When she set out to understand whether climate changes over the past century were affecting insects’ patterns of eating and damaging various plants, Emily Meineke decided to go straight to the source: the vegetation samples.
A postdoctoral researcher working in the lab of Charles Davis, professor of organismic and evolutionary biology and director of the Harvard Herbaria, Meineke is the lead author of a first-of-its-kind study that used herbarium specimens to track insect herbivory (the eating of plants) across more than 100 years. The study is described in a Sept. 4 paper published in the Journal of Ecology.
The paper is co-authored by Aimée Classen and Nathan Sanders, who are affiliated with the University of Vermont and the Gund Institute for Environment, and Jonathan Davies, an associate professor at the University of British Columbia.
Across four species — shagbark hickory (Carya ovata), swamp white oak (Quercus bicolor), showy tick trefoil (Desmodium canadense), and wild lowbush blueberry (Vaccinium angustifolium) — the study found that specimens collected in the early 2000s were 23 percent more likely to be damaged by insect herbivores than those collected in the early 1900s.
The data also showed that insect damage was greater following warmer winters and at low latitudes, Meineke said, suggesting that higher temperatures driven by climate change could be a factor driving insect damage.
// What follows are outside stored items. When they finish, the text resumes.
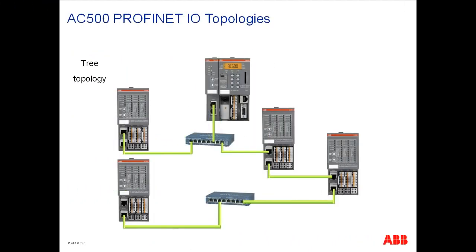What we see now is called the tree topology. Well, a tree topology is basically a combination of several star networks, typically meant for a large automation plant grouped into different manufacturing islands.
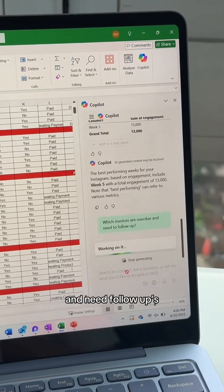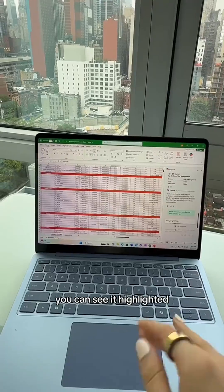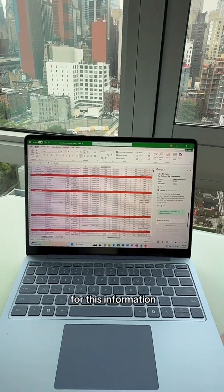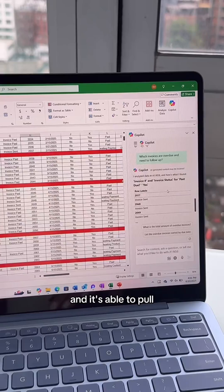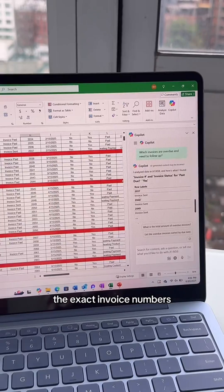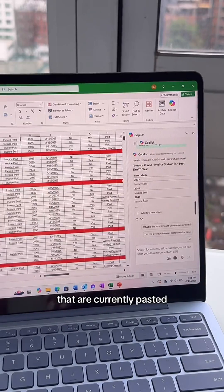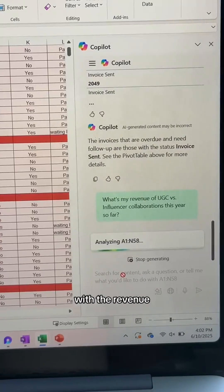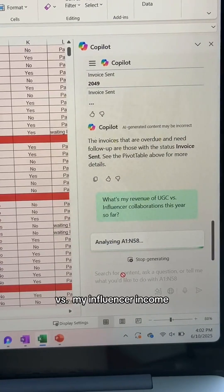I'm going to ask Copilot which invoices are overdue and need follow-ups. You can see it highlighted my sheet as it's searching for this information, and it's able to pull the exact invoice numbers that are currently past due.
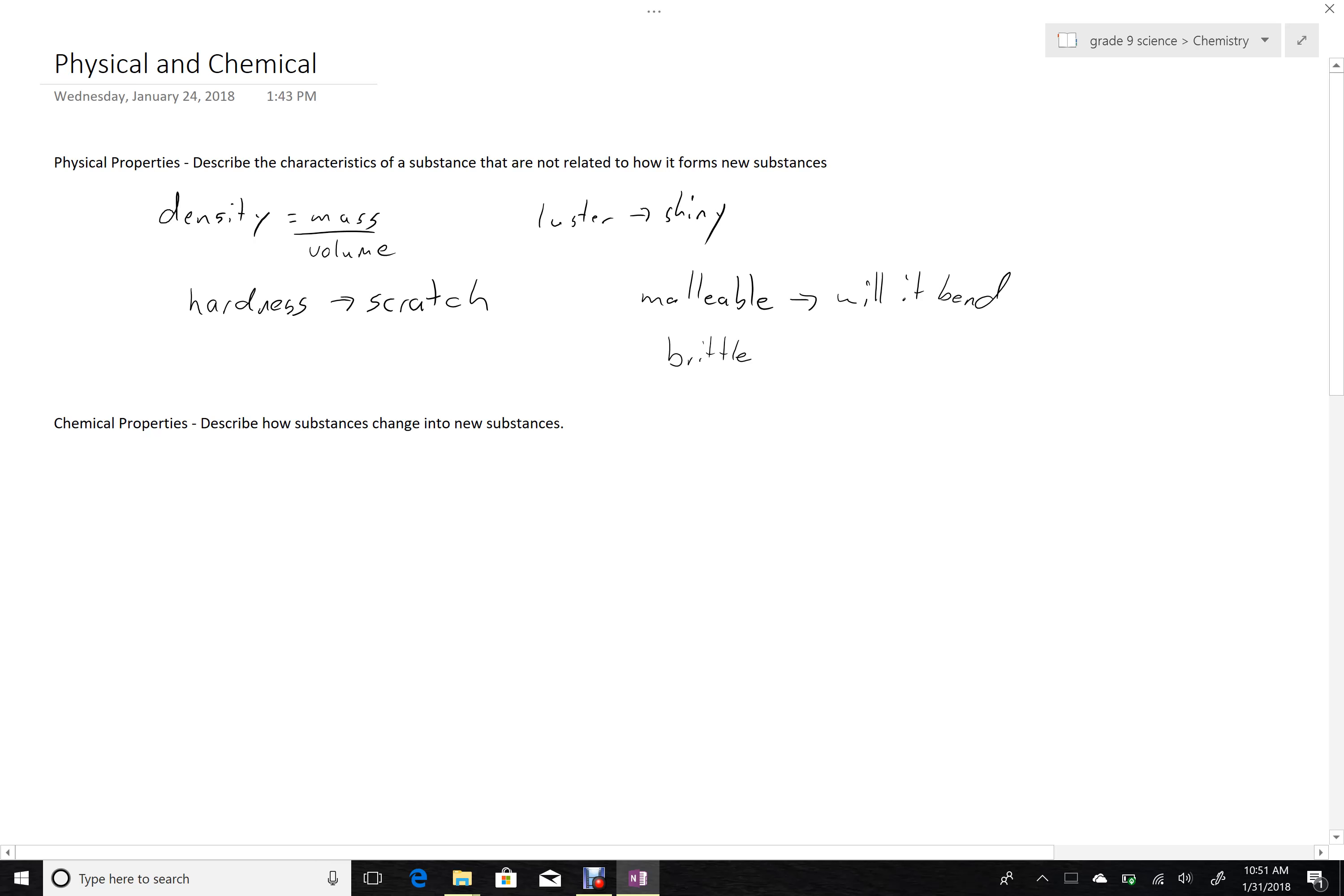Chemical properties, on the other hand, see all these things just tell you what it's like, and it doesn't change anything, that just describes it. Chemical properties tell you what kinds of things might happen to change it into a new substance.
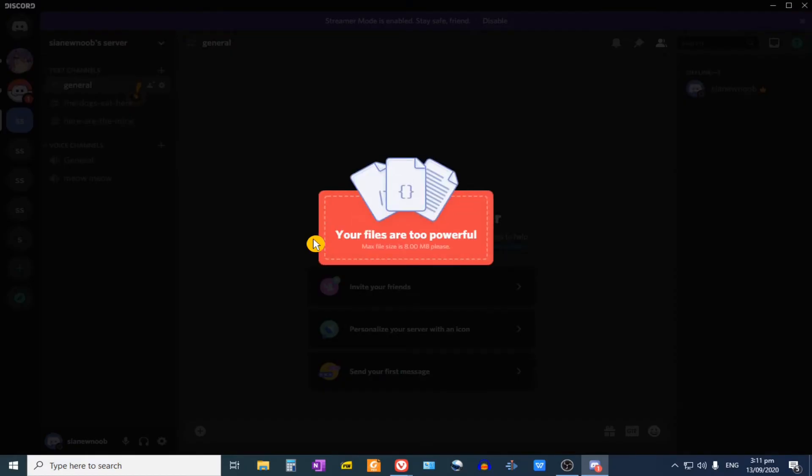So in Discord, if we try to attach a file that is more than 8 MB, it will not upload. So how do we get around this?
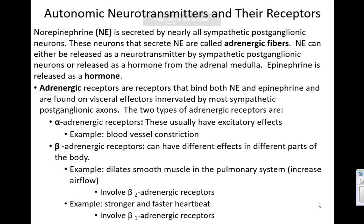So last time we met, we left off talking about different neurotransmitters that our sympathetic and parasympathetic nervous systems utilize. This is important because these neurotransmitters will ultimately decide what the target organ does.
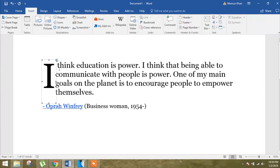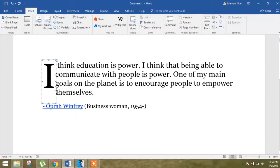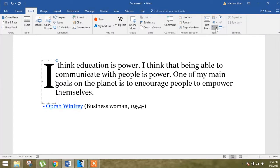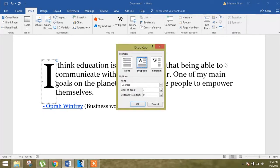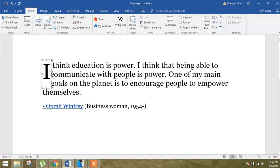Finally, click on the drop cap option and edit as you like. I think you can now understand how to add a drop cap letter. Don't forget to click subscribe.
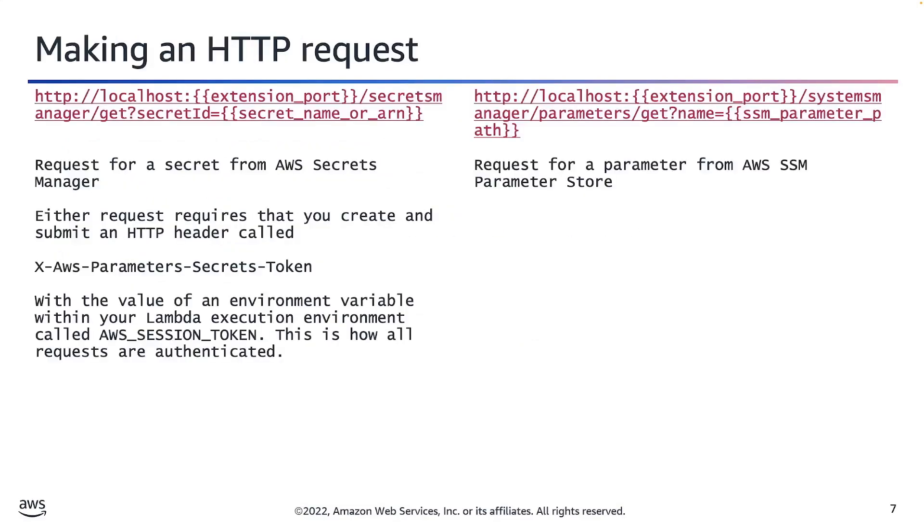Lastly, let's address how to actually make the HTTP request. The process is quite simple. First, all developers need to create the authentication for the request itself. To do that, simply query the local execution environment of your Lambda for an operating system environment variable called AWS_SESSION_TOKEN.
“The overwhelming pattern is that across these four different plant species, with different life histories, insect damage is increasing over time,” she said. “In New England, it appears that warming in winter is an important factor driving insect herbivory damage overall.
“Knowing that insect damage on these plants is increasing is useful because we might be able to come up with management strategies before it reaches economic levels,” she continued. “I think this study is the tip of the iceberg. Now that we know these plants have more damage than they did 100 years ago, we can try to understand what that actually means for plants.”
To understand whether herbivory was increasing, Meineke and colleagues developed a detailed system for measuring not just whether specimens showed insect damage, but how much.